The decision by the Supreme Electoral Tribunal came days after the electoral registry suspended the party on a judge’s order. The attorney general’s office is investigating whether there was wrongdoing in the gathering of required signatures for the party’s formation years earlier.

The tribunal said the suspension could not stand because it did not come from an electoral body. Its decision holds until the official end of the electoral period Oct. 31, because Guatemala’s electoral law does not allow the suspension of a party during the electoral period.

The Seed Movement had also appealed the suspension through the normal court system, but so far without result. It is expected that come Nov. 1, the party could be suspended again.

The congressional leadership had already used the suspension of the Seed Movement last week to make its seven lawmakers, including Arévalo, independents, which bars them from leading legislative committees or holding other positions of leadership in Congress.

Arévalo, a progressive lawmaker and academic, shocked Guatemala by making it into an Aug. 20 presidential runoff in which he beat former first lady Sandra Torres by more than 20 percentage points. Ever since Arévalo achieved a surprise second-place finish among a crowded field in the first round of voting in June, his party has come under attack.

The Supreme Electoral Tribunal recognized Arévalo as the winner and outgoing President Alejandro Giammattei has said he will begin the transition, but the Attorney General’s Office has been aggressively pursuing the Seed Movement on various fronts.

On Friday, the head of the Organization of American States’ electoral observation mission said the efforts appear aimed at keeping Arévalo from taking office in January.

Observers inside and outside Guatemala have warned in recent years that the country’s democracy is in decline.
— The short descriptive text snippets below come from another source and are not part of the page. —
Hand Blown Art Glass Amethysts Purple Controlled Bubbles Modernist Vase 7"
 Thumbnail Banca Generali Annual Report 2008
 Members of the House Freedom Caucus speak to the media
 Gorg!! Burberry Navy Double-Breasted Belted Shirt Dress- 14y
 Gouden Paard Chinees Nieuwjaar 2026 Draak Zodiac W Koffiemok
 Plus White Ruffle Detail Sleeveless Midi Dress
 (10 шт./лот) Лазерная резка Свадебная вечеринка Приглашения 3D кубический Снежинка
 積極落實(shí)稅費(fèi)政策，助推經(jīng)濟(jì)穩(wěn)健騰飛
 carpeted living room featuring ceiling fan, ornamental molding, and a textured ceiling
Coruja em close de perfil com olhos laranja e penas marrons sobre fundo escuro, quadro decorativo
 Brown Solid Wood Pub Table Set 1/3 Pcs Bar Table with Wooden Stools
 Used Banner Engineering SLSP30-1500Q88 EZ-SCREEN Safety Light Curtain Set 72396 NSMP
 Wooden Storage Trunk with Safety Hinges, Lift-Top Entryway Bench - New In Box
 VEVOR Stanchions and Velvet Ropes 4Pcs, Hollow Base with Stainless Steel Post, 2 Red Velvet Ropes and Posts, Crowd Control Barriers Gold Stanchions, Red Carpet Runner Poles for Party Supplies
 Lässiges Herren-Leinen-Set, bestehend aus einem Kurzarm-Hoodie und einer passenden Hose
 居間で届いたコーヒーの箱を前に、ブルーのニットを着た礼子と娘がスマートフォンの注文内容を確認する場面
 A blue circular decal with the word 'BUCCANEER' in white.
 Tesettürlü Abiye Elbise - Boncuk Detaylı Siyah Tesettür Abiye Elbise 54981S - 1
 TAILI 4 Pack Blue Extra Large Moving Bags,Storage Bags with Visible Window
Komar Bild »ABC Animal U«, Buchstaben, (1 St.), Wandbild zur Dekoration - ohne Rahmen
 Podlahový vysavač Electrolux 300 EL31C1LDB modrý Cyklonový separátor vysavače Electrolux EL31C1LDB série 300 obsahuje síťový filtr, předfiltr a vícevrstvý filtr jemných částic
President Jimmy Morales, Giammattei’s predecessor, expelled the United Nations-backed anti-corruption mission that had made impressive strides in dismantling networks of corruption that divert public monies to their pockets and had allowed drug traffickers to take ever-growing control of the country.

Giammattei weaponized the justice system, turning it against the same prosecutors and judges who had led that anti-corruption fight. His attorney general and her anti-corruption prosecutor have both been sanctioned by the United States government as undemocratic actors allegedly involved in corruption.

Polls showed Arévalo’s party with under 3% support heading into the first round of voting. But his message of taking up once again the corruption fight resonated with a frustrated population facing an array of candidates mostly promising more of the same.

His support expanded exponentially as he headed into the runoff last month. He ran a hopeful outsider’s campaign against Torres, who was making her third presidential bid and couldn’t shake the status quo reputation she picked up by helping to advance Giammattei’s legislative agenda.

Voters spoke loudly, trying to give Arévalo an undisputable margin of victory. But the entrenched political and economic forces that stand much to lose under an Arévalo presidency have not rolled over. And as the president-elect said Friday, there are still four months before he takes office “during which these political mafias will try to consummate the coup d’etat.”